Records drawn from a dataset
━━━━━━━━━━
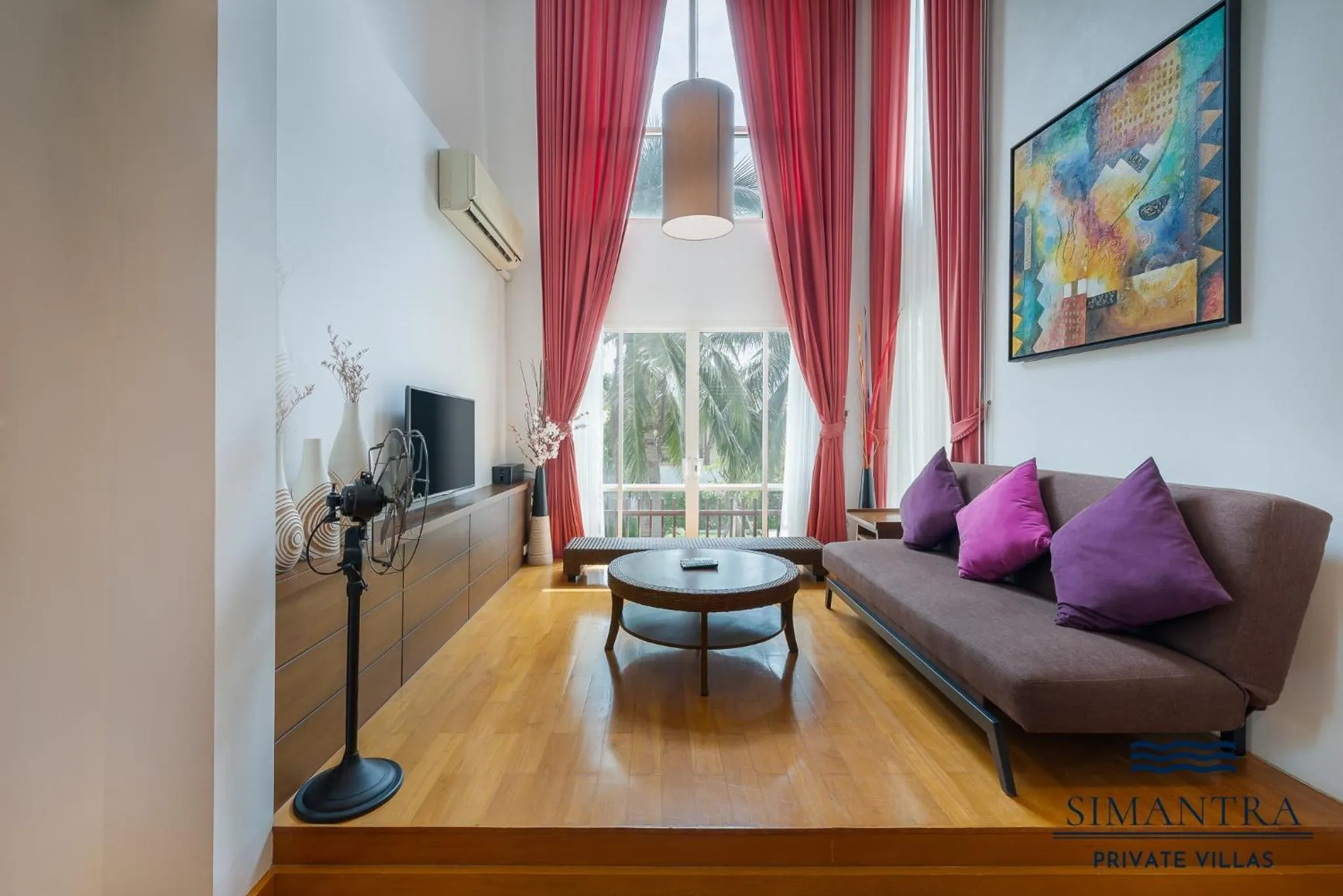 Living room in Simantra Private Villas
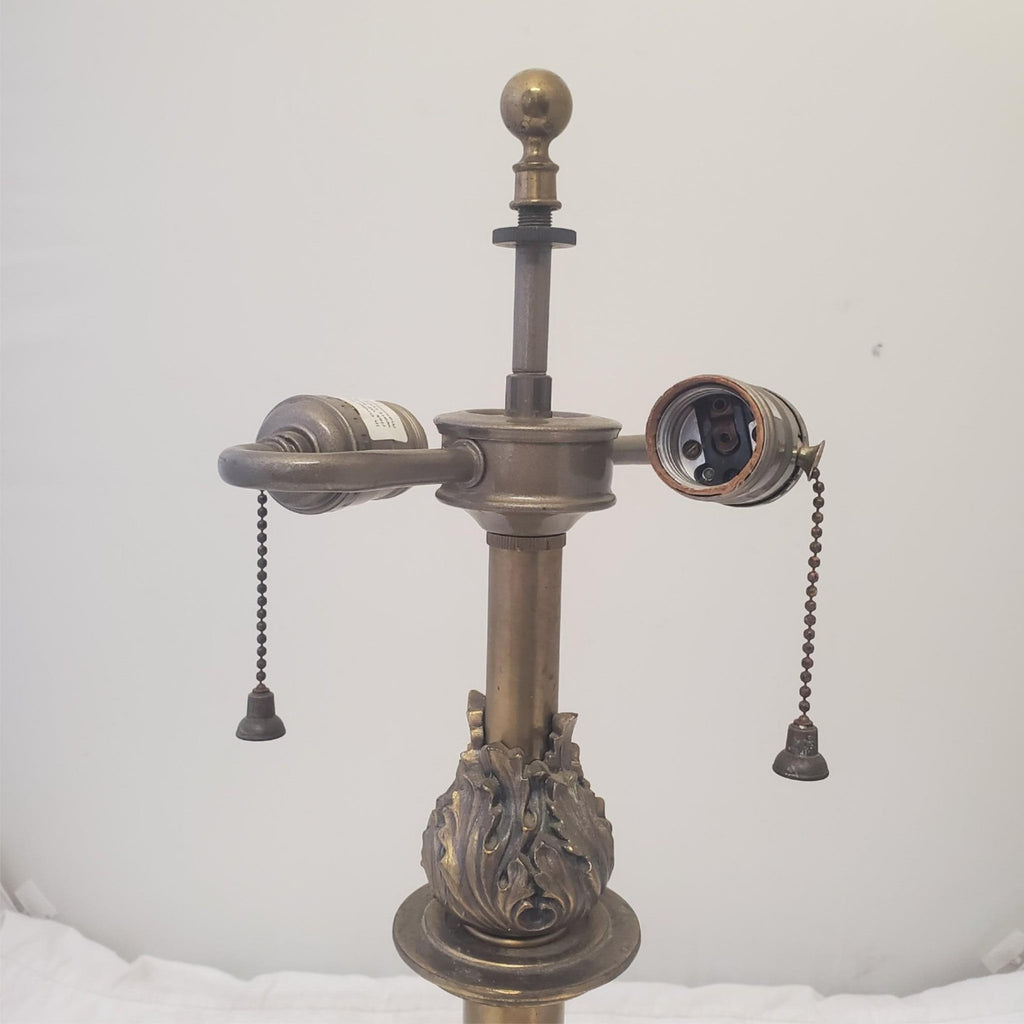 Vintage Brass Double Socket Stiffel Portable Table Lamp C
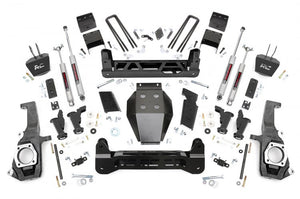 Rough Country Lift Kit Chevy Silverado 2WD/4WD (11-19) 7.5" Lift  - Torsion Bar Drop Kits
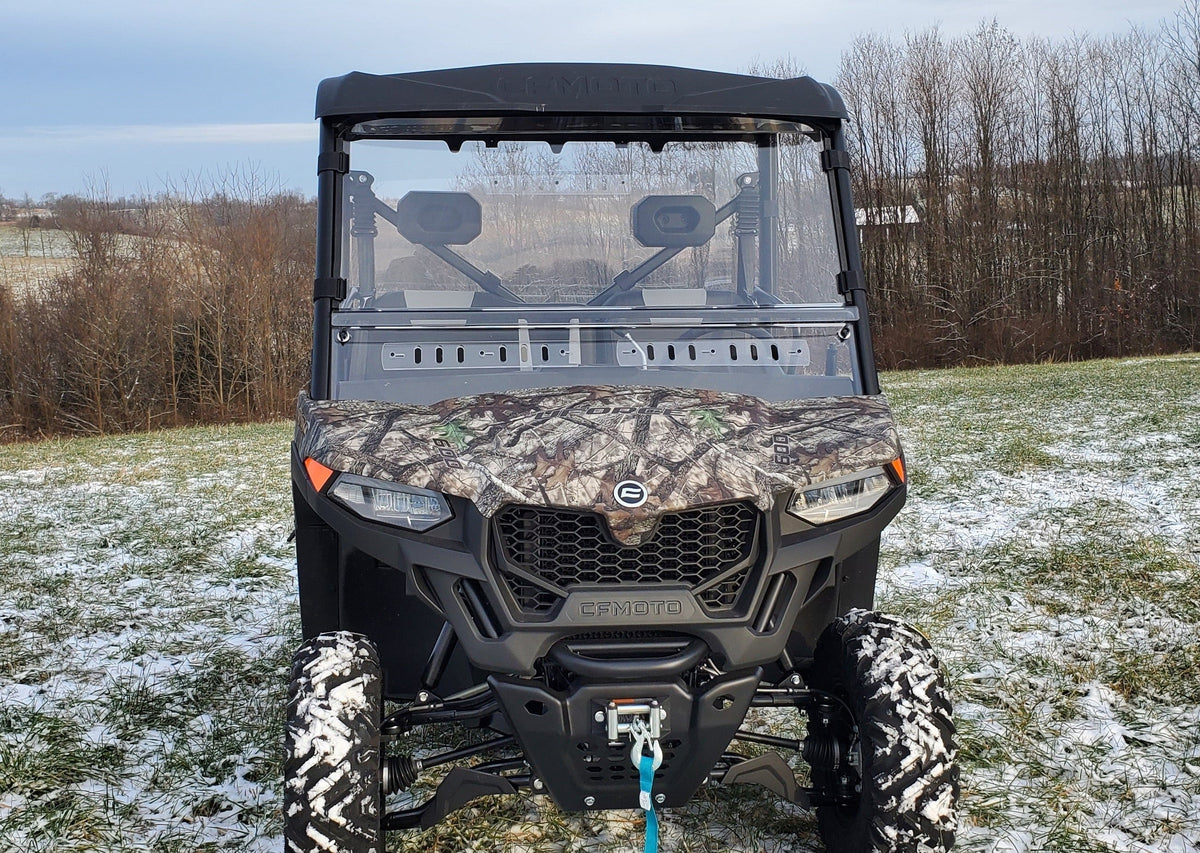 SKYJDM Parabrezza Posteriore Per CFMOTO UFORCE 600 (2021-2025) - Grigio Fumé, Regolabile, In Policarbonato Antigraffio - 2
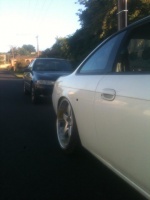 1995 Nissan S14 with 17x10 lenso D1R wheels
━━━━━━━━━━
**What you have to do:**
The lines from the one containing "Vintage Brass Double" through the last line of the data above are to be transcribed exactly, both included, with all pictures left out.

**The answer:**
 Vintage Brass Double Socket Stiffel Portable Table Lamp C
 Rough Country Lift Kit Chevy Silverado 2WD/4WD (11-19) 7.5" Lift  - Torsion Bar Drop Kits
 SKYJDM Parabrezza Posteriore Per CFMOTO UFORCE 600 (2021-2025) - Grigio Fumé, Regolabile, In Policarbonato Antigraffio - 2
 1995 Nissan S14 with 17x10 lenso D1R wheels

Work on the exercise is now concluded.